DIRECTIONS FOR THIS TASK
All lines after the one containing "Hung Tuyen Hotel ดานัง ภายนอก รูปภาพ" are needed, along with that line itself. Please repeat them exactly through the end of the entries.
Start of DATA RECORDS
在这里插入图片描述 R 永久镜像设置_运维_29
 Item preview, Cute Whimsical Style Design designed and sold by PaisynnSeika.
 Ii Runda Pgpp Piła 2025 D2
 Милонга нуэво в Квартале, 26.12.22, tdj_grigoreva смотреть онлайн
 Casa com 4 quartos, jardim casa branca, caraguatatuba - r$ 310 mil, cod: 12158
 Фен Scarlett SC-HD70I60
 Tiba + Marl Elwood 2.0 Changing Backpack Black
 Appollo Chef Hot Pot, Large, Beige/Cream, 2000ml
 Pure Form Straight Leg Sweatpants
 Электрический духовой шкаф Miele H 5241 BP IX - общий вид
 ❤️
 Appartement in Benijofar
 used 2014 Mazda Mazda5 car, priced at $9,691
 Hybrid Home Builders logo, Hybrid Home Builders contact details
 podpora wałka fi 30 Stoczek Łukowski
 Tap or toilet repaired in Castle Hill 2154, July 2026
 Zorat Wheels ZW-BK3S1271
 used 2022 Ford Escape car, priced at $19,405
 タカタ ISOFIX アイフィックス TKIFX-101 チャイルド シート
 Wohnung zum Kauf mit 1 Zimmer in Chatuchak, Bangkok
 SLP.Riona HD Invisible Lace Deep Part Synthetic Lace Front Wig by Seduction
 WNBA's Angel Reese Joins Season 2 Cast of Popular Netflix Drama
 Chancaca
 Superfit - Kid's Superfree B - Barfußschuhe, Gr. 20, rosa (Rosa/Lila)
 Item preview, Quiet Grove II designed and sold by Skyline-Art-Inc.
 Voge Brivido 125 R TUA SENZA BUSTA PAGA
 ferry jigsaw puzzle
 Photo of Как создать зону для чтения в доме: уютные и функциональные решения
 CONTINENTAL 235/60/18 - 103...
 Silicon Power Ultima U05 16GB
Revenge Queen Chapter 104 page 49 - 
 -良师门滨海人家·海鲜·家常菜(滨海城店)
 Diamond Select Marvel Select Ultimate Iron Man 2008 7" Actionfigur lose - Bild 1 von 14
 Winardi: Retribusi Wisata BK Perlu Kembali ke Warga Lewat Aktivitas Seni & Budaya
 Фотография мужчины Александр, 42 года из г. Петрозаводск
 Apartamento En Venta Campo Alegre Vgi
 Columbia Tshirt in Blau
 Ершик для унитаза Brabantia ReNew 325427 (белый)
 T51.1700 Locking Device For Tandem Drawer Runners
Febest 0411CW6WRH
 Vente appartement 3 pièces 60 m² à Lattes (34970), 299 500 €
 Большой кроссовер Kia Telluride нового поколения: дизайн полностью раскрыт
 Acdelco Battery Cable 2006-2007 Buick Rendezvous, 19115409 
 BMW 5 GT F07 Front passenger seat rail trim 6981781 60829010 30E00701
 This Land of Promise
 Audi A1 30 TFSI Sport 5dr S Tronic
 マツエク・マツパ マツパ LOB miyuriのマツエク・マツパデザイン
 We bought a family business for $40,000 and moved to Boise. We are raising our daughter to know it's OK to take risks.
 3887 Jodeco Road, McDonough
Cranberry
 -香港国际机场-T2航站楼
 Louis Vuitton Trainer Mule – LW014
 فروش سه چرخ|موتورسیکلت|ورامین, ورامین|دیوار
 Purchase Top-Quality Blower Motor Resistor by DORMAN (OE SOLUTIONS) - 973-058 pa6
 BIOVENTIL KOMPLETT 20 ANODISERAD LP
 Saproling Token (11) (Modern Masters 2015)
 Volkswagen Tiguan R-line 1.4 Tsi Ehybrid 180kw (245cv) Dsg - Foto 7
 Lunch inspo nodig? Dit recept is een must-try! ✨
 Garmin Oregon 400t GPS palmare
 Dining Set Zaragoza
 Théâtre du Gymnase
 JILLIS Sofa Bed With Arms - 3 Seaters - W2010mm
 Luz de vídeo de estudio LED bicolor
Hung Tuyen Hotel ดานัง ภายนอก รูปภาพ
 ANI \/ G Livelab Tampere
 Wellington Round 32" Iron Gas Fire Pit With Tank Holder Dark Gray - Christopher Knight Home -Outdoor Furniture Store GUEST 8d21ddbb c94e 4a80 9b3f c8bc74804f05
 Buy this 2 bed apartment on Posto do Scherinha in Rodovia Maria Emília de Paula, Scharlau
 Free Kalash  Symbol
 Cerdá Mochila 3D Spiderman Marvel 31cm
End of DATA RECORDS
YOUR RESPONSE
Hung Tuyen Hotel ดานัง ภายนอก รูปภาพ
 ANI \/ G Livelab Tampere
 Wellington Round 32" Iron Gas Fire Pit With Tank Holder Dark Gray - Christopher Knight Home -Outdoor Furniture Store GUEST 8d21ddbb c94e 4a80 9b3f c8bc74804f05
 Buy this 2 bed apartment on Posto do Scherinha in Rodovia Maria Emília de Paula, Scharlau
 Free Kalash  Symbol
 Cerdá Mochila 3D Spiderman Marvel 31cm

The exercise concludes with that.